Richardson said he made the same assertions in a letter to Republican Lt. Gov. Casey Cagle yesterday.
Richardson’s announcement comes as the two chambers are locked in a bitter standoff on the mid-year budget. The chambers got into the power struggle after Cagle announced the Senate would strip House-backed projects from the plan.
Still, House Republican leaders are hopeful the Senate will pass the 2007 budget later today so they can work out their differences in a conference committee and pass it and the 2008 budget before Friday of next week.
The Legislature has only six more days left in the 40-day session to pass the spending plans and a huge pile of other key legislation that touches on everything from gun control to school choice.
“We are on a very close schedule to adopting the two budgets in these next few days,” Richardson warned.

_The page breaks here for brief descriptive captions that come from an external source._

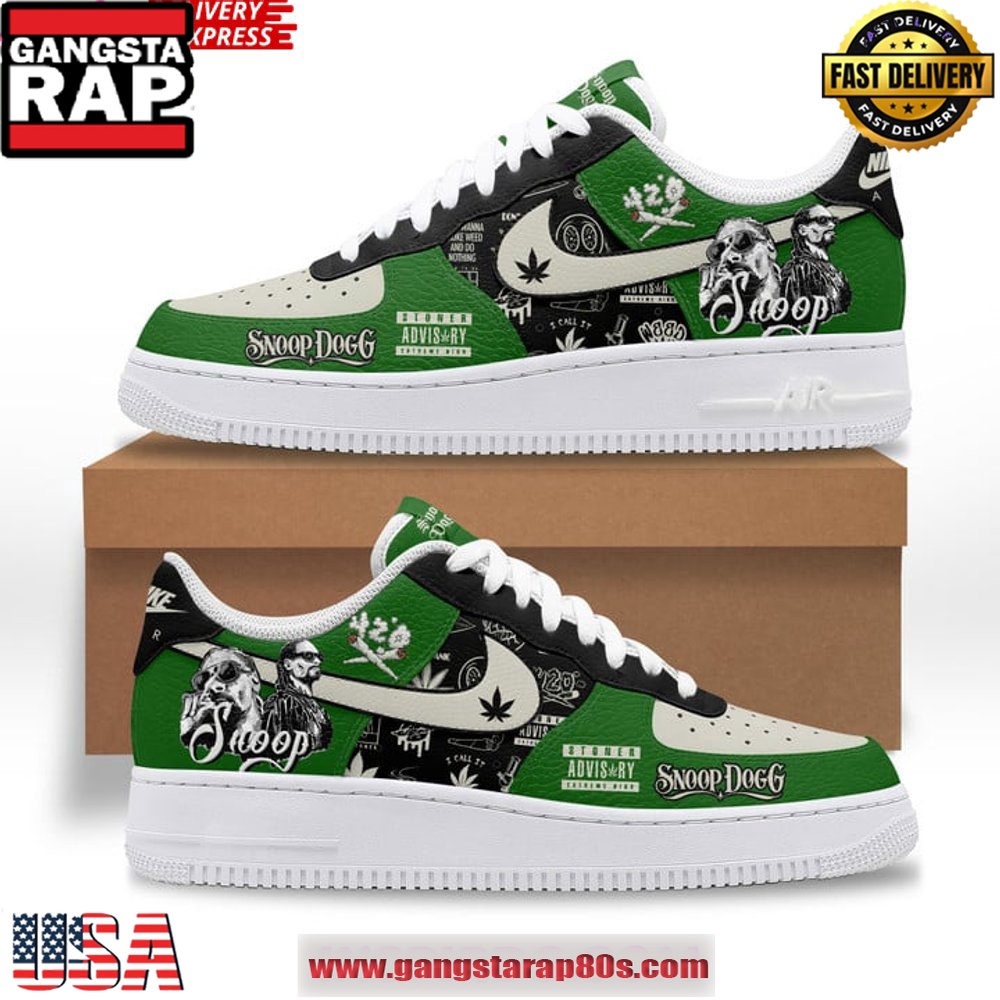 Snoop Dogg 420 Limited Edition Air Force 1 Sneakers Shoes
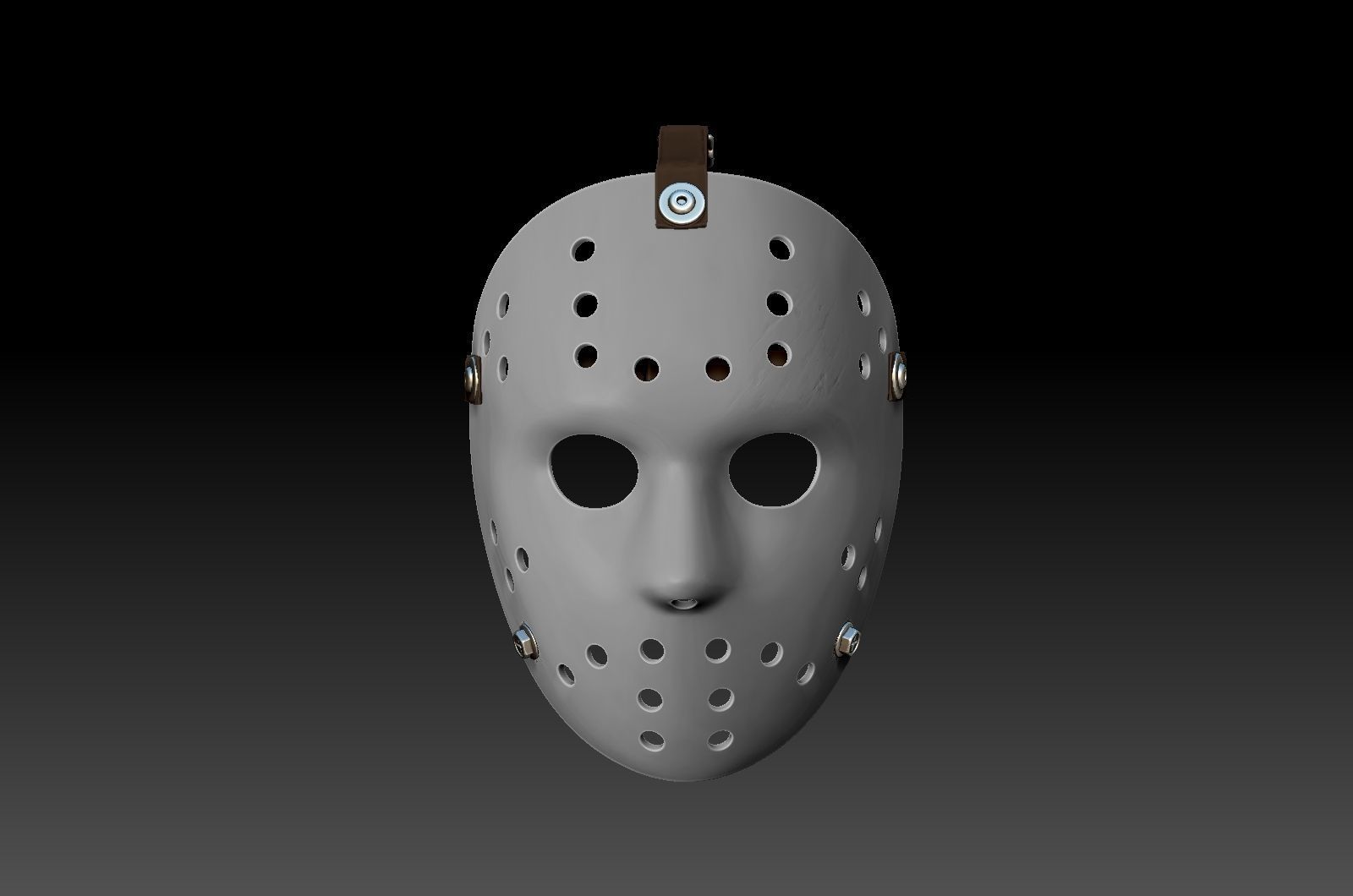 Hockey Mask by Jason Voorhees 3D model_8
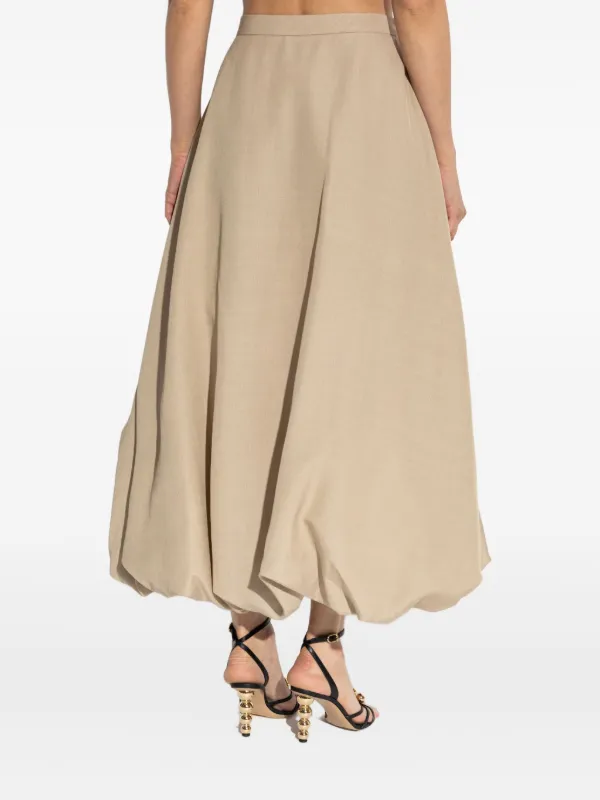 By Malene Birger Aubrey balloon-hem Maxi Skirt | Neutrals | FARFETCH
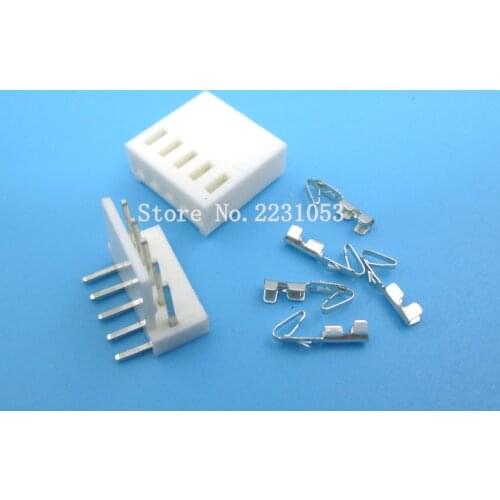 20 Sets KF2510 KF2510-5AW KF2510-5P Connector Right Angle Pin Header 2.54mm 5pin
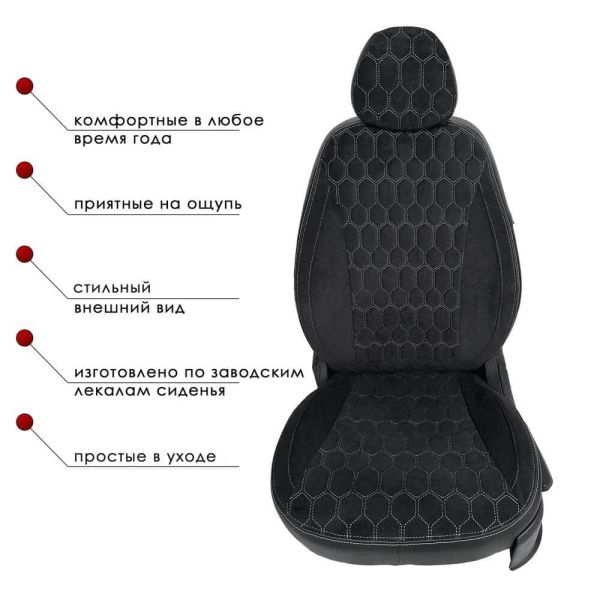 Чехлы Велюр на Haval Jolion Чехлы Велюр на Haval Jolion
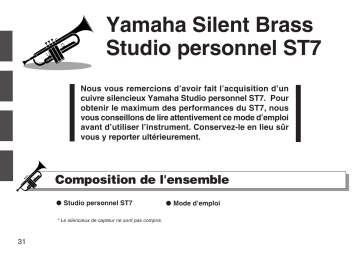 Manuel du propriétaire | Yamaha SILENT BRASS PERSONAL STUDIO ST-7 Manuel utilisateur | Fixfr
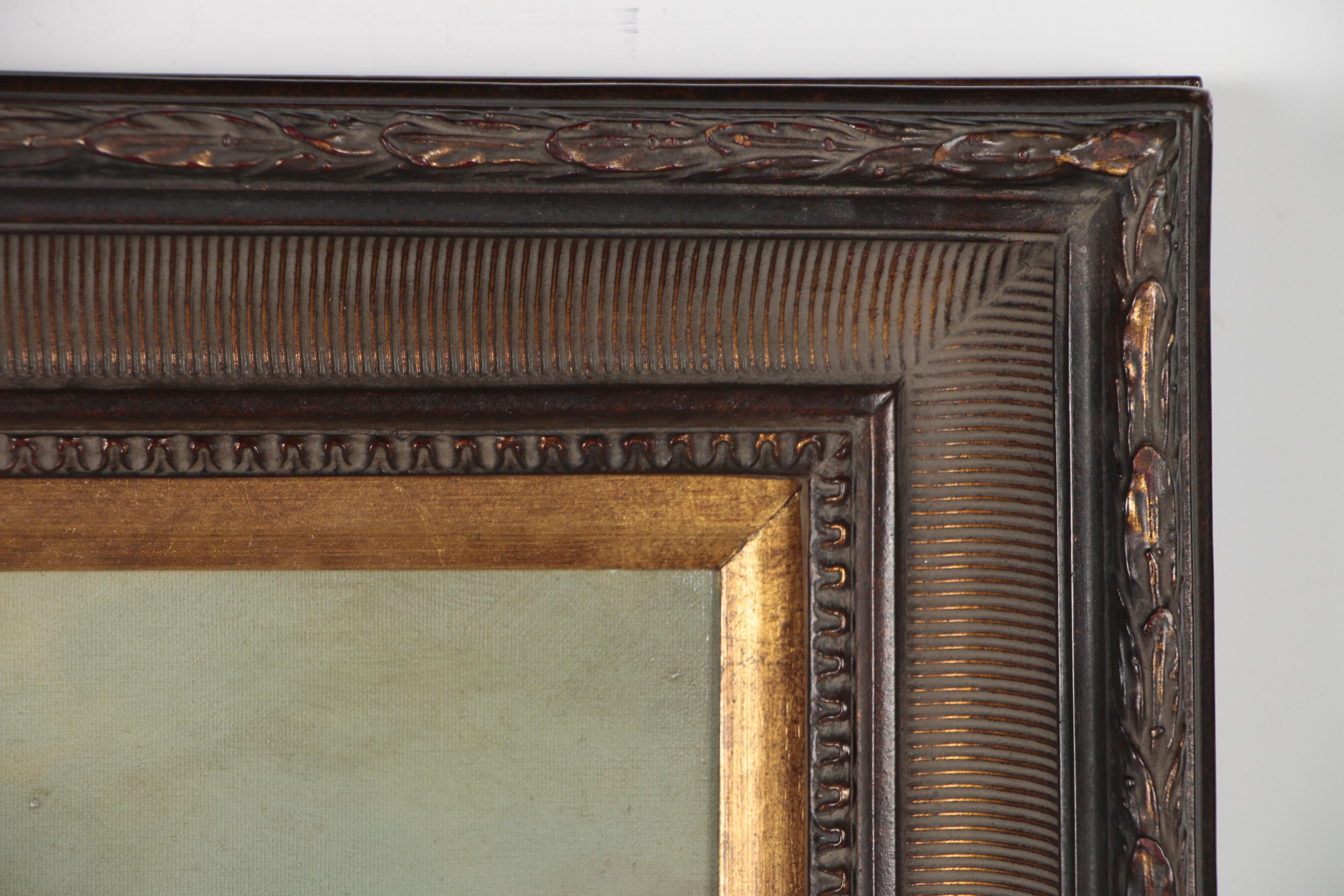 Matt Thomas Maritime Oil Painting of a Naval Battle, Late 20th Century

In anticipation of a Senate vote on the 2007 budget today, Richardson appointed three representatives to a conference committee that would hash out the differences between the two chambers: House Speaker Pro Tem Mark Burkhalter (R-Alpharetta), House Majority Leader Jerry Keen (R-St. Simons Island) and House Appropriations Chairman Ben Harbin (R-Evans).
Harbin said he was “nervous” about the chances of the General Assembly adopting the spending plans before Friday of next week, given the Senate’s tactics. He also addressed the possibility that the General Assembly would have to meet in a special session to work on the budgets, a move that could cost taxpayers more.
In addition to their $17,341 annual salaries, state lawmakers are entitled to $173 per diem payments for food and lodging each day they attend a legislative session and for any additional days they do official business, no matter how far they live from the state capitol.
“They want to talk about being fiscal conservatives, let’s avoid a special session,” Harbin said of the Senate. “Let’s put everything on the table. Let’s talk about it. Let’s debate. And that is what we have tried to do.”
Meanwhile, the House continued its snail’s pace today, passing only one piece of legislation — urging the Turkish government to protect religious and human rights for the Greek Orthodox Church. The House is planning to take up only one other bill tomorrow, an arcane piece of Senate legislation that would update the state’s banking laws based on changes in federal law.